■ PROBLEM: Give the lines again exactly as they appear below, from the line with "An outdoor patio" to the line with "Beautiful flowy teal blouse", both included, and only those lines. Leave every picture out.

■ SUPPLIED INFORMATION:
■ ■ ■

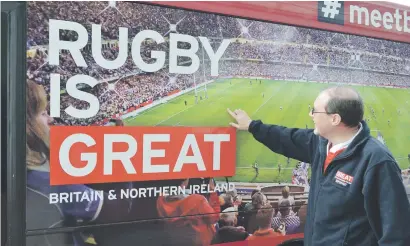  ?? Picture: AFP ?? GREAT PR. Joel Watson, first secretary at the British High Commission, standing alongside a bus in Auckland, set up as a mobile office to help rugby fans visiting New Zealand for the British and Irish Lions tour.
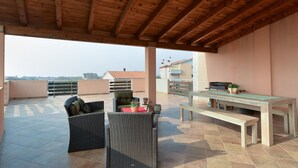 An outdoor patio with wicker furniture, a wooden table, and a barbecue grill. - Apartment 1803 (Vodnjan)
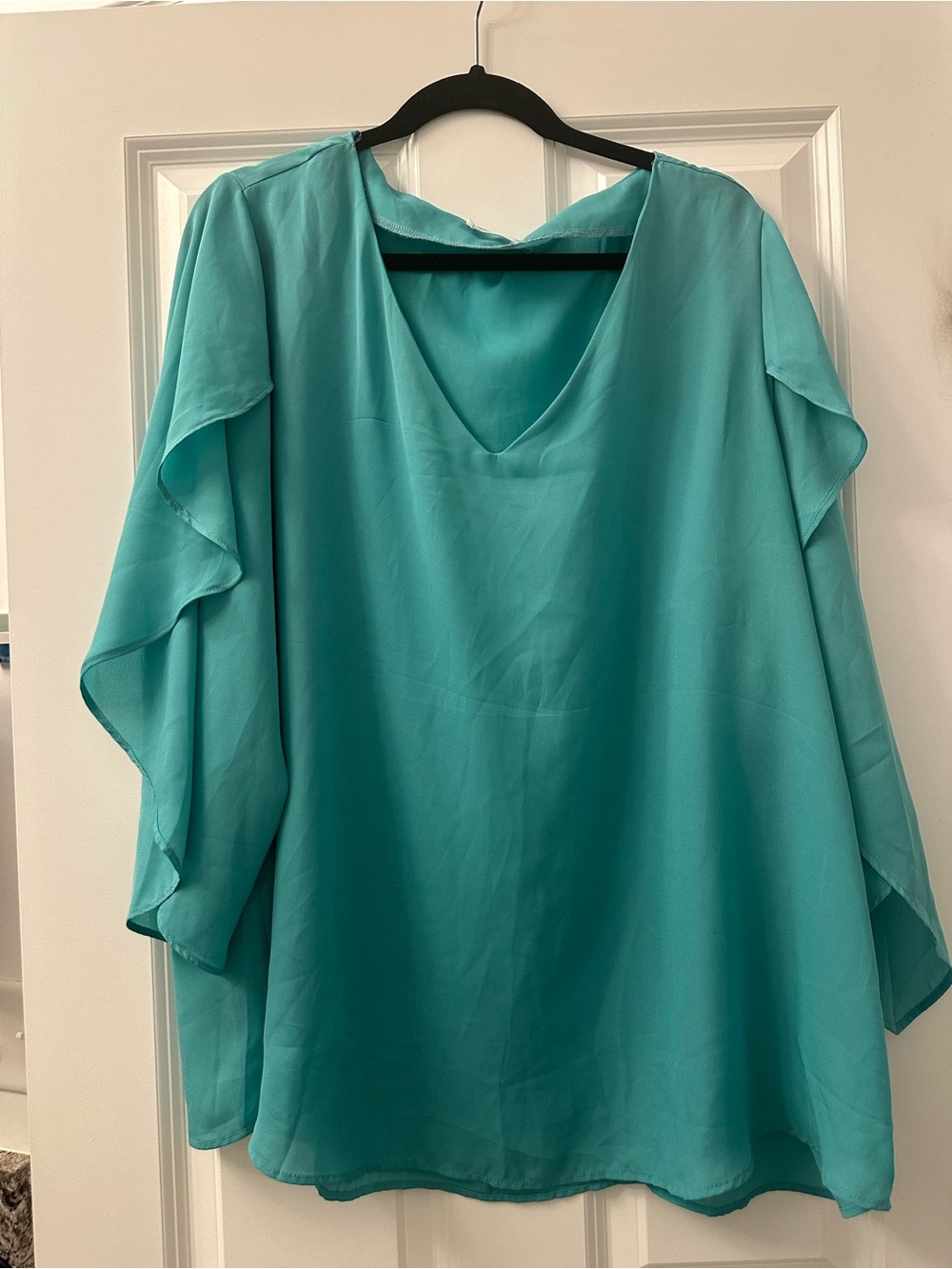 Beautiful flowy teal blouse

■ ■ ■

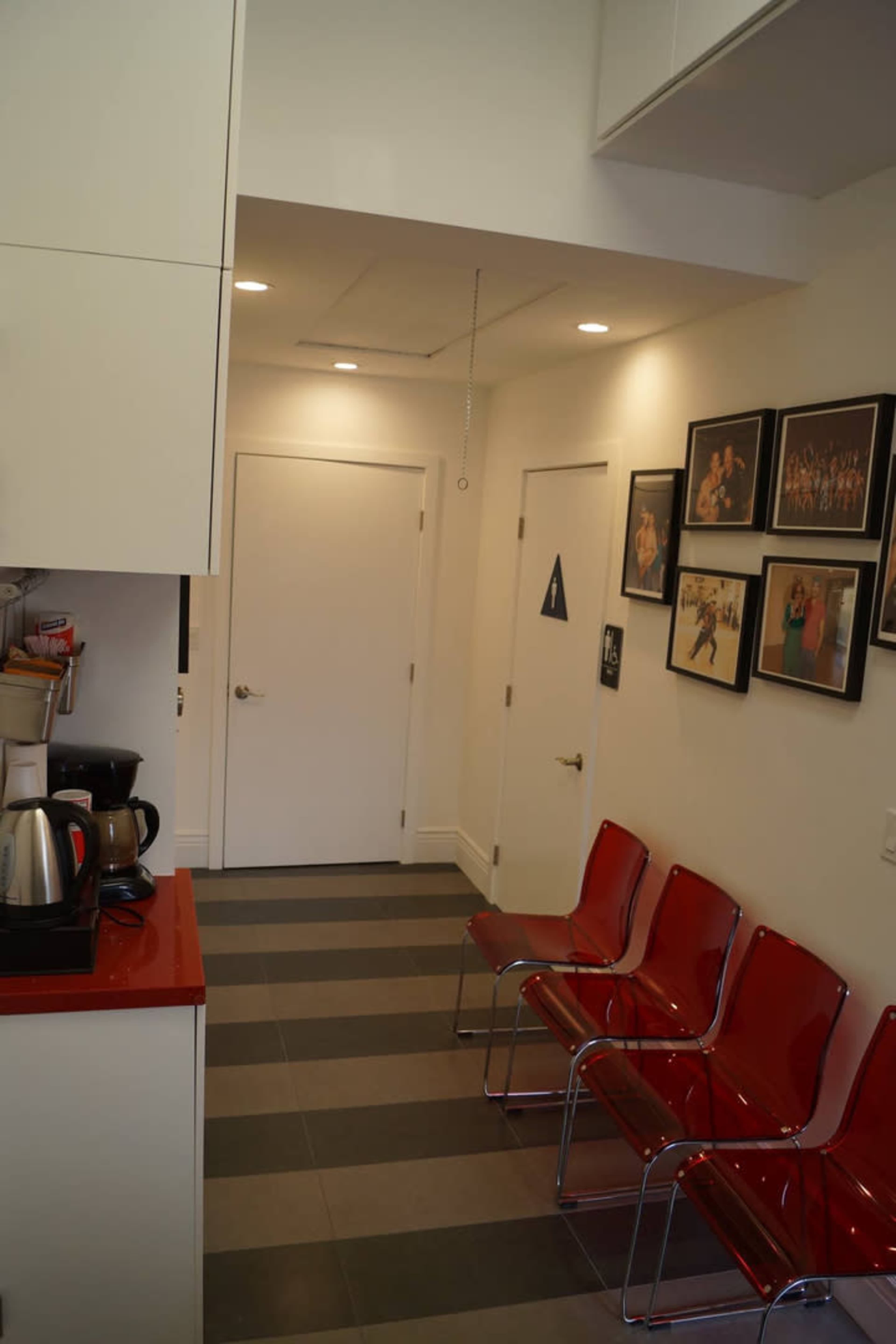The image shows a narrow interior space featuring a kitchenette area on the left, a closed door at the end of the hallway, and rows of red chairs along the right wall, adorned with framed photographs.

■ ■ ■

■ THE ANSWER:
 An outdoor patio with wicker furniture, a wooden table, and a barbecue grill. - Apartment 1803 (Vodnjan)
 Beautiful flowy teal blouse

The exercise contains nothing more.